I think it needs something like task_set_cpumask_possible() which is
documented as being usable in (raw) spinlocks and set the task's cpumask
to cpu_possible_mask and let the later ttwu help migrate it to a
proper non-isolated CPU or let it keep running.

On Thu, Jul 21, 2022 at 2:03 AM Tejun Heo <[email protected]> wrote:
>
> On Tue, Jul 19, 2022 at 05:57:43PM +0100, Valentin Schneider wrote:
> > It has been reported that isolated CPUs can suffer from interference due to
> > per-CPU kworkers waking up just to die.
> >
> > A surge of workqueue activity (sleeping workfn's exacerbate this) during
> > initial setup can cause extra per-CPU kworkers to be spawned. Then, a
> > latency-sensitive task can be running merrily on an isolated CPU only to be
> > interrupted sometime later by a kworker marked for death (cf.
> > IDLE_WORKER_TIMEOUT, 5 minutes after last kworker activity).
> >
> > Affine kworkers to the wq_unbound_cpumask (which doesn't contain isolated
> > CPUs, cf. HK_TYPE_WQ) before waking them up after marking them with
> > WORKER_DIE.
> >
> > This follows the logic of CPU hot-unplug, which has been packaged into
> > helpers for the occasion.
>
> Idea-wise, seems fine to me, but we have some other issues around twiddling
> cpu affinities right now, so let's wait a bit till Lai chimes in.
>

I think there are some imperfections related to cpu affinities
which need to be fixed too.

Thanks
Lai

2022-07-21 14:13:50

[permalink] [raw]

Subject: Re: [RFC PATCH] workqueue: Unbind workers before sending them to exit()

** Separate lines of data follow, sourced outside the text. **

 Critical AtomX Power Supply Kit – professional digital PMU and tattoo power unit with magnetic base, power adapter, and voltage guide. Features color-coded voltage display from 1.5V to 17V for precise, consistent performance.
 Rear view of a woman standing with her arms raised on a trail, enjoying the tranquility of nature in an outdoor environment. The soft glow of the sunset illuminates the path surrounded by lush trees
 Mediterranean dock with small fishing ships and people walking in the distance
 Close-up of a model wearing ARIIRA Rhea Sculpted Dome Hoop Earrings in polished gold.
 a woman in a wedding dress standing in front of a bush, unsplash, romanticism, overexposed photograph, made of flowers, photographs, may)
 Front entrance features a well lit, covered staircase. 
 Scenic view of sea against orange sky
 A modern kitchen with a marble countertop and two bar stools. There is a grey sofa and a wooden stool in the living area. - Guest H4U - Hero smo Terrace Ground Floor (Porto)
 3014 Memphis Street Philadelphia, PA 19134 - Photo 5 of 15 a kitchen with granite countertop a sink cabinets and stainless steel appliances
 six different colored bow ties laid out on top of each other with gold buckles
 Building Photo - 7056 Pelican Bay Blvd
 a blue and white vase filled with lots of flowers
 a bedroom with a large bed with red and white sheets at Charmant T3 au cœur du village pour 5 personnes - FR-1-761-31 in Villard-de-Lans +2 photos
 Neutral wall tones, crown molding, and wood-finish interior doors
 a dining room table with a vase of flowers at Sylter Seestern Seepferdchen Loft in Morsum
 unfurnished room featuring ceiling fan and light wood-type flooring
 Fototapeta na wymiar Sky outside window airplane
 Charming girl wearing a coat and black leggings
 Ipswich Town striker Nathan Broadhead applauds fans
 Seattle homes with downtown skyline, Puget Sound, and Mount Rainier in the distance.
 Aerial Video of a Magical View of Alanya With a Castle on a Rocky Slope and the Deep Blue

On 21/07/22 11:35, Lai Jiangshan wrote:
>> @@ -1999,6 +2011,16 @@ static void destroy_worker(struct worker *worker)
>>
>> list_del_init(&worker->entry);
>> worker->flags |= WORKER_DIE;
>> +
>> + /*
>> + * We're sending that thread off to die, so any CPU would do. This is
>> + * especially relevant for pcpu kworkers affined to an isolated CPU:
>> + * we'd rather not interrupt an isolated CPU just for a kworker to
>> + * do_exit().
>> + */
>> + if (!(worker->flags & WORKER_UNBOUND))
>> + unbind_worker(worker);
>> +
>> wake_up_process(worker->task);
>> }
>
> destroy_worker() is called with raw_spin_lock_irq(pool->lock), so
> it cannot call the sleepable set_cpus_allowed_ptr().
>
> From __set_cpus_allowed_ptr:
>> * NOTE: the caller must have a valid reference to the task, the
>> * task must not exit() & deallocate itself prematurely. The
>> * call is not atomic; no spinlocks may be held.
>

Heh, I somehow forgot that this is blocking. Now in this particular case I
think pcpu kworkers are "safe" - they shouldn't be running when
destroy_worker() is invoked on them (though AFAICT that is not a "hard"
guarantee), and it doesn't make any sense for them to use
migrate_disable(). Still, yeah, not ideal.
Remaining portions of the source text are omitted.